By Kate Hayden | khayden@charlescitypress.com

Betty Staudt holds her first-place project, a baby cable-knit sweater created from a favorite pattern of hers.  Press photo by Kate Hayden
Betty Staudt holds her first-place project, a baby cable-knit sweater created from a favorite pattern of hers. Press photo by Kate Hayden

Every year, Betty Staudt has sent in her box of Iowa State Fair submissions to the head of the Fabric and Threads division with a letter. This year, Staudt received a letter back from the director. 

“‘I think I’ve been receiving your box of things for 35 years,’ she said,” Staudt recalled. “So maybe she has, I don’t know.”

Out of seven of her entries this year, two of Staudt’s creations received ribbons: a satin-stitch pillowcase that won 3rd place in the ‘80 and Over’ class, and a knitted baby sweater that won first place in the ‘60 and Over’ class.

Staudt has been knitting since high school, when a home economics class tapped into her crafty side, and also quilts, spins yarn and embroiders several projects a year to keep busy in her spare time. She’s been recording sweater and quilt projects from the last several years in a photo album, where she stores some pictures of the patterns and her finished product side-by-side.

“It’s a pastime that anybody can do, while you’re waiting or something. I just like to knit,” Staudt said. “You end up with a nice produce when you get done, and I give them away to kids –– my grandkids and great-grandkids and everybody.”

Staudt’s needles keep her busy: she and her husband Russell have 20 grandchildren after 62 years of marriage.

She’s likely made five versions of the pink baby sweater she submitted this year, she said.

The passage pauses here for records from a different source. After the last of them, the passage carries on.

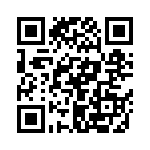 HSC50DRYN-S13 QRCode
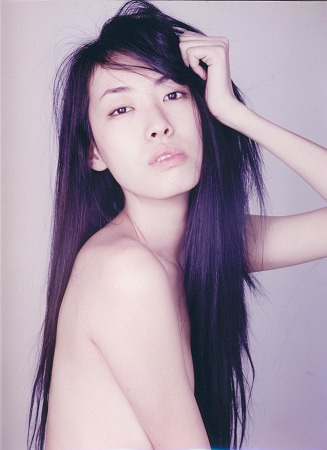 Photo of model Tsubasa Watanabe - ID 321263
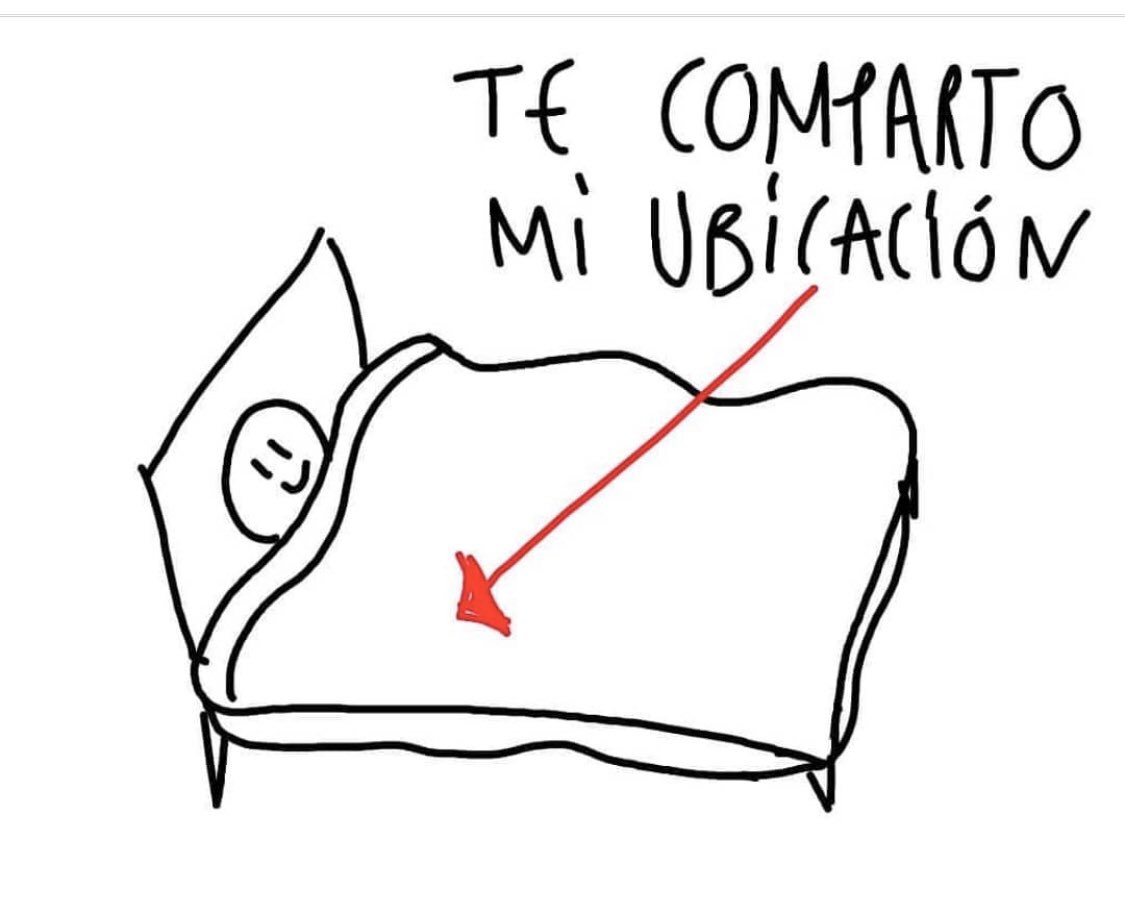Grafocafe's tweet photo. Así las cosas https://t.co/WaO6m5itJ4
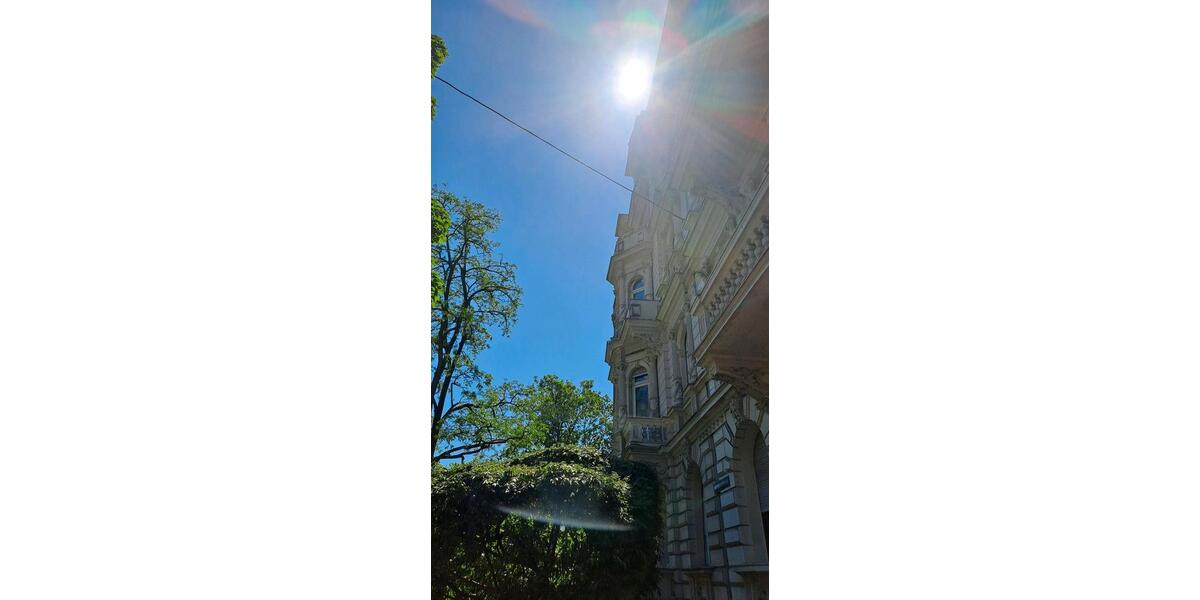 Etagenwohnung Wiesbaden Biebrich - 2 Zimmer, 54 m&sup2;, 285.000&euro; | Angebot:26693636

“I have a granddaughter that’s 26 or 27, and I made one for her, the same pattern,” Staudt said. “I’ve made quite a few like this. It’s just a fun pattern, it’s got panels, cables, you know, just kind of fun.”

Staudt has been a long-time volunteer with the Floyd County Fair, starting as a 4-H leader when her kids were in the program. Now, she helps head the Open Class department every year –– collecting the 50 or so entries every year from Floyd County residents in categories from baking, quilting and flower arrangements. They hope to collect more projects in the open class every year, she said.

“I was probably a 4-H leader for 30 years. I think I work every year, putting up pictures or whatever for the kids,” Staudt said.

She also spins yarn at the fairgrounds when fifth-graders visit, showing them how the process works, and usually attends the annual Threshers’ Reunion by the Cedar Valley Engine Club to spin yarn during the weekend event.

One of her favorite projects was a baby quilt Staudt submitted to the state fair last year: a counted cross-stitch baby quilt decorated with tractors that received first place in it’s class. It tends to take her about a month to complete an average project, and then she’s on to the next piece.

“I do a half-dozen things every year,” Staudt said. “I just do all kinds of handiwork.”